L’insulto di Amedeo non cade nel vuoto. Il nigeriano reagisce, ne nasce una feroce colluttazione. Una lite concitata, che porta alla morte di Chidi Namdi che, colpito dal tifoso, cade a terra in coma irreversibile. La procura fermana indaga: anche grazie alla presenza di testimoni, scatta la ricostruzione della vicenda, ma le versioni sono contrastanti. E inizia il tam tam mediatico, nel perverso, poco virtuoso circuito dei social network in cui scatenarsi, mentre nel Web scorrono le foto degli sposi felici, di Emmanuel e Chimiary che si stringevano, legati da un amore che prometteva serenità. Ora il trentaseienne africano è morto e Mancini accusato di omicidio preterintenzionale con l’aggravante del razzismo. Un termine che sconquassa la tranquilla esistenza di provincia e gela il sangue in questa estate già insanguinata dal terrore internazionale. “Il Governo oggi a Fermo con don Vinicio e le Istituzioni locali in memoria di Emmanuel. Contro l’odio, il razzismo e la violenza” twitta il presidente del Consiglio Matteo Renzi mentre a Fermo arriva il ministro dell’Interno Angelino Alfano. La domanda brucia, e interpella, prima di tutto, la gente di questo territorio, culla di santi e artisti, cresciuta nel segno dell’ospitalità, del lavoro onesto, e dello sport, da insegnare ai ragazzi nei campetti dell’oratorio. Perché, oggi, associare il mondo calcistico a quello della criminalità e dell’appartenenza politica attraverso il comun denominatore della ferocia sarebbe facilissimo. Ma generalizzare adesso significherebbe aggiungere sgomento a sgomento, fomentando ancor di più sentimenti pericolosi e fuorvianti. In Africa i due migranti avevano perso tutti i familiari in uno degli attacchi alle chiese cristiane, e nel nostro Paese cercavano un futuro migliore, trovando un approdo sicuro nella realtà guidata da don Albanesi, che a gennaio li aveva uniti in matrimonio, informalmente per mancanza di documenti.
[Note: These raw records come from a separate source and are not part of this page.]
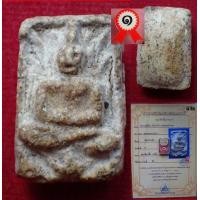 ราคา หลวงปู่เผือก วัดกิ่งแก้ว จ.สมุทรปราการ รหัสองค์ ผ54 (มือสอง) (338037408)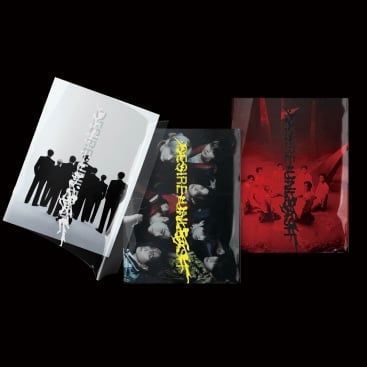 Image of Enhypen ‘DESIRE : UNLEASH’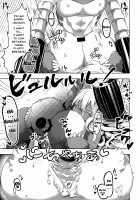 Otonanachi wa Doshigatai! / オトナナチは度し難い! [Ranaecho] [Made in Abyss] Thumbnail Page 15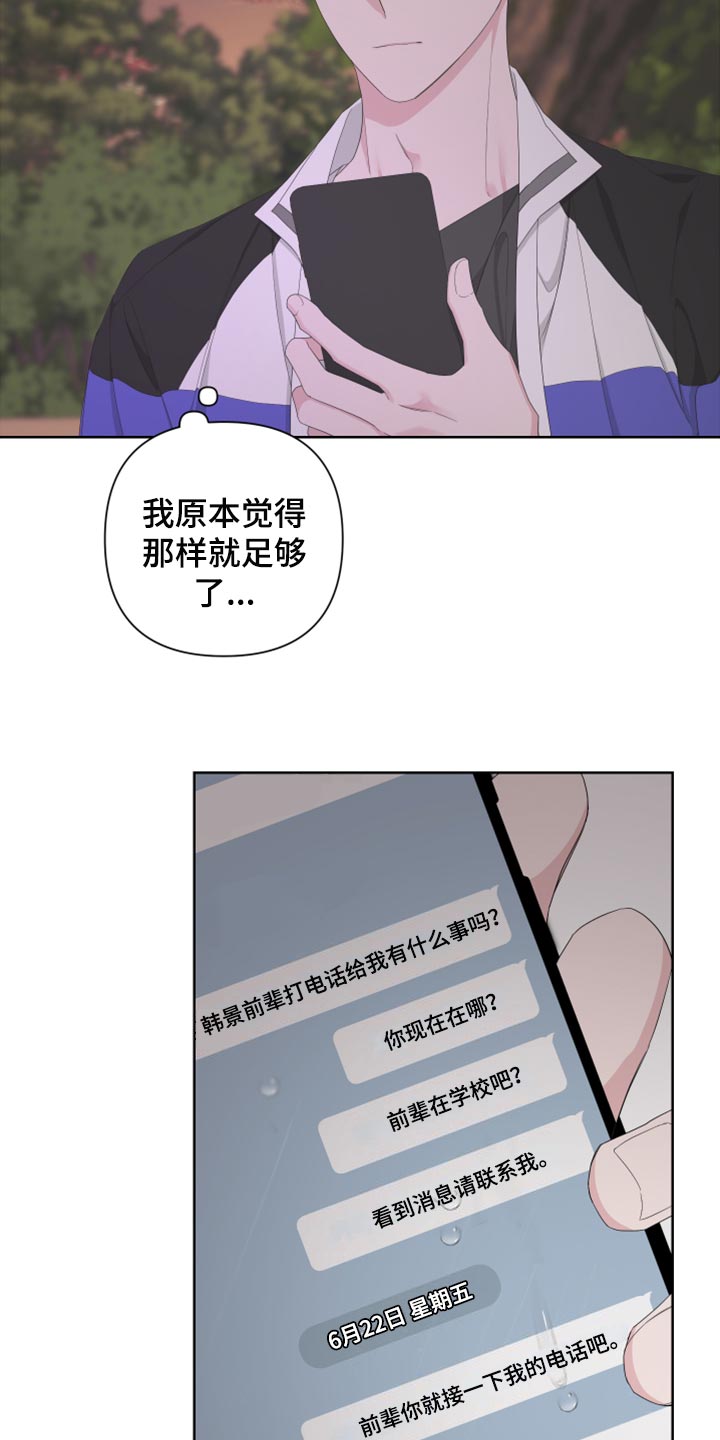 Bedeuro漫画,第102章：【第二季】我还能回到哪里去？4图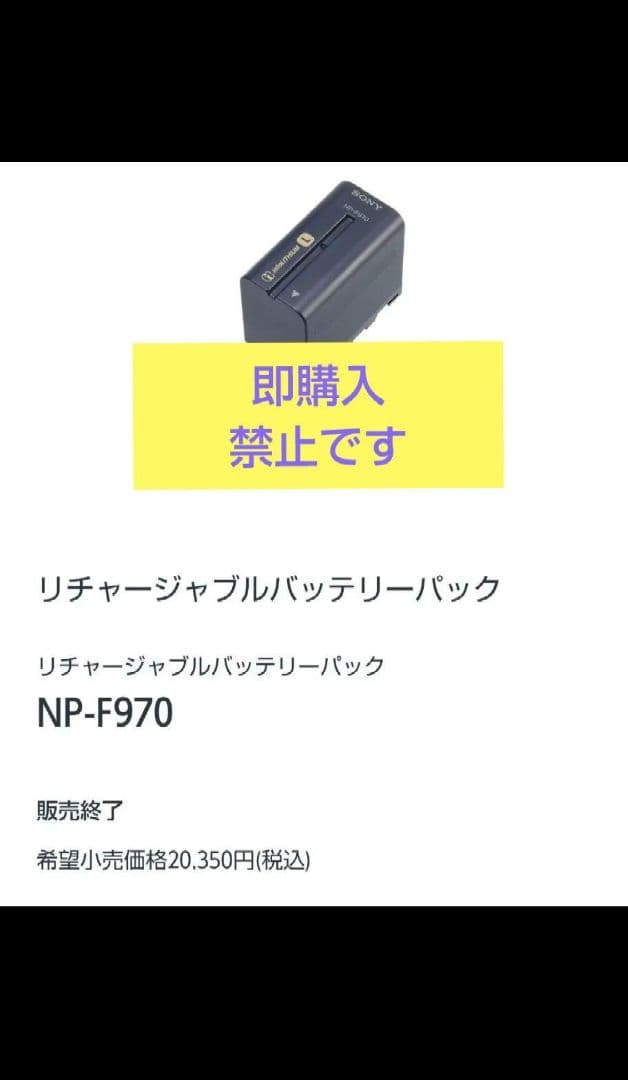 即購入禁止。未使用純正 生産終了商品SONYNP-F970バッテリーパック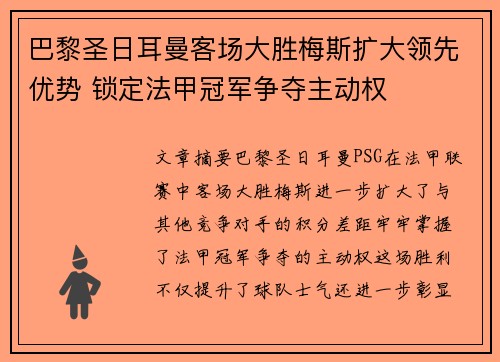 巴黎圣日耳曼客场大胜梅斯扩大领先优势 锁定法甲冠军争夺主动权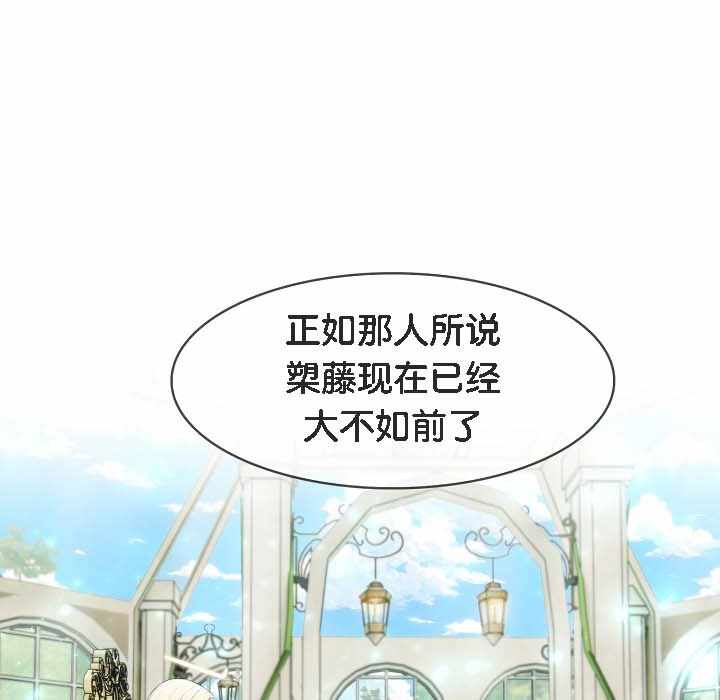 第37张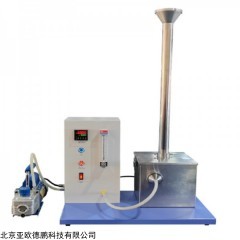 DP30872 颗粒状农药粉尘测定仪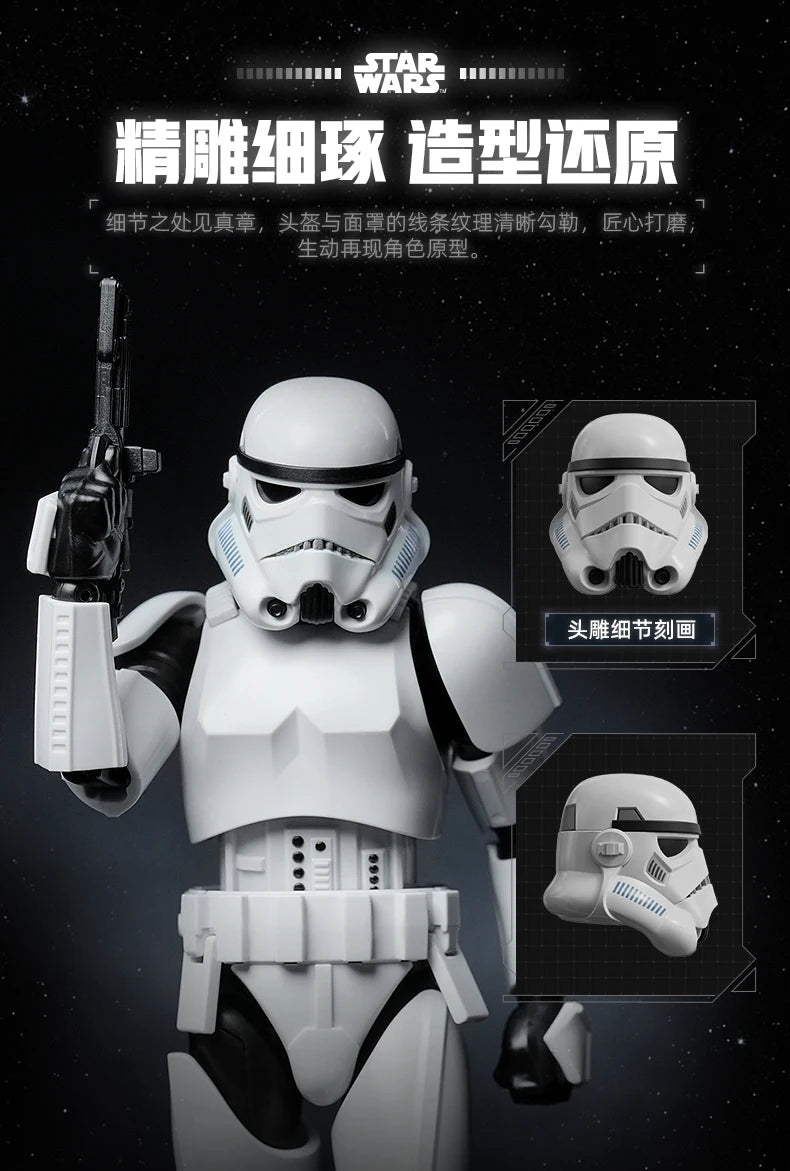 Blokees Star Wars Action Figure Darth Vader Dark Trooper Stormtrooper Anime Collection Toys Model For Children Gift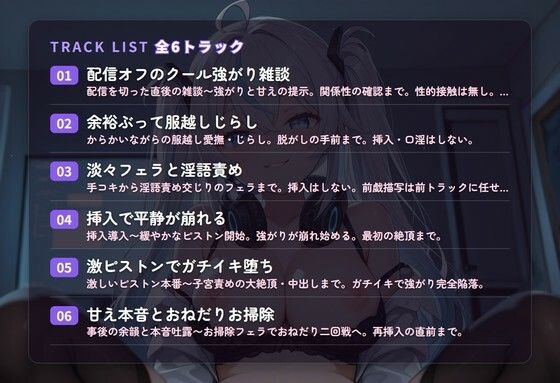 【淫語囁き×ガチイキ実況】クール自称プロ配信者カノジョの強がり生堕とし 〜平静のフリで子宮までイカされ陥落(はーと)〜(全49分) 画像2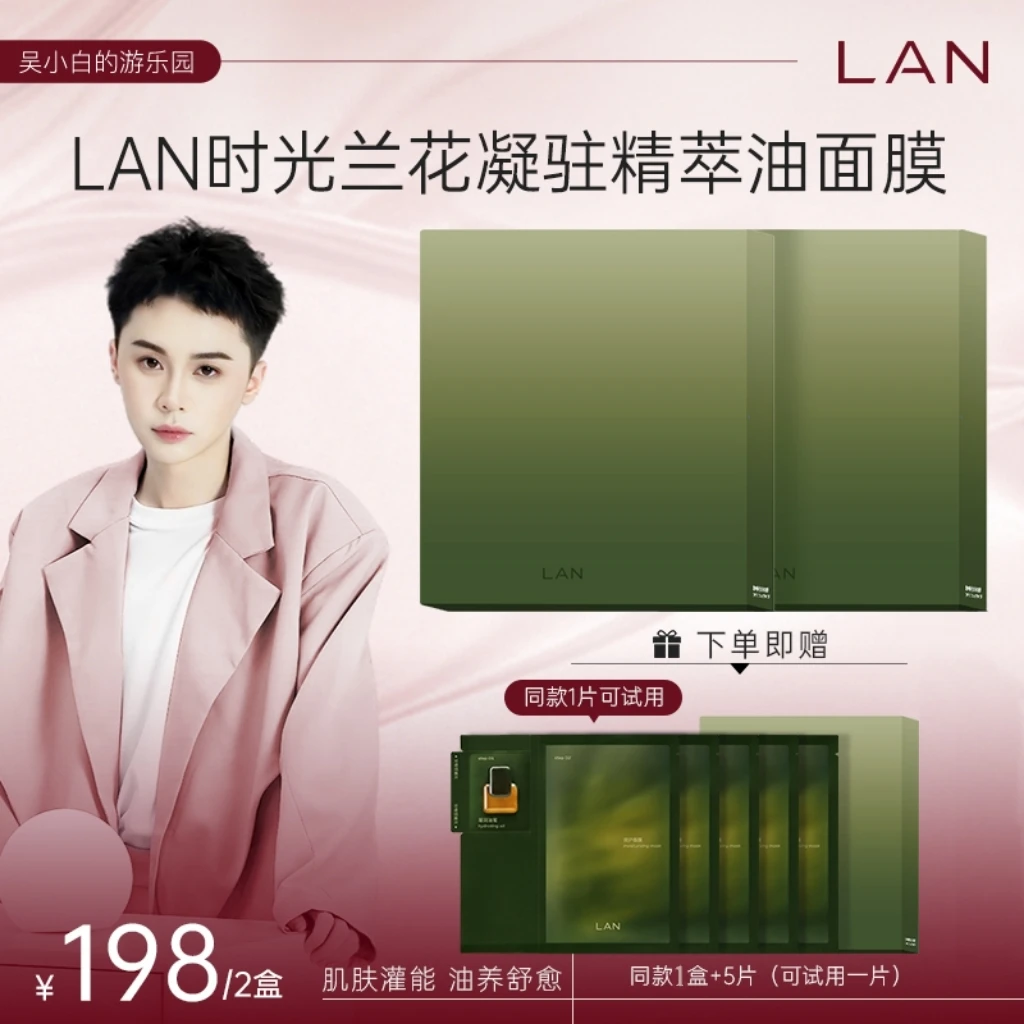 【吴小白专属】LAN兰时光油蜜面膜 ZS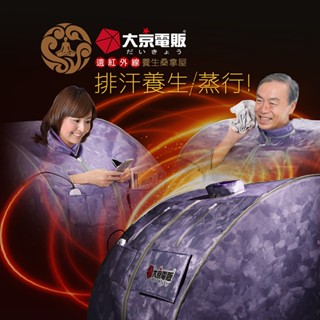【臺灣現貨】【大京電販】遠紅外線加熱 乾蒸式養生桑拿屋★贈竹製折疊椅/一年保固/SPA/三溫暖/泡腳/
Nella Caritas in veritate sono 124 i profughi accolti, e questo tragico episodio non ha precedenti in una realtà locale dove gli stranieri sono numerosi, integrati e dove i richiedenti asilo vengono chiamati a raccontare le loro storie nelle scuole, tra gli scout. Oltre al cuore impietrito dall’orrore e al profondo disagio di fronte ad un lutto che non rende affatto onore ai marchigiani, adesso lo sguardo deve farsi cristiano, verso chi è vittima e verso chi ha avuto mano assassina. Oltre ogni etichettatura discriminatoria e un astio contagioso, prevalga piuttosto la volontà di ùrispondere con la preghiera silenziosa, la solidarietà autentica, il rispetto concreto. Quel rispetto di cui Emmanuel è stato privato assieme alla vita, in quella che poteva essere la sua nuova casa, qui dove il razzismo non ha diritto di cittadinanza. Se da questa impietosa lezione avremo imparato ciascuno qualcosa, prima di tutto da esseri umani, allora forse sì che questa storia assurda avrà trovato un senso.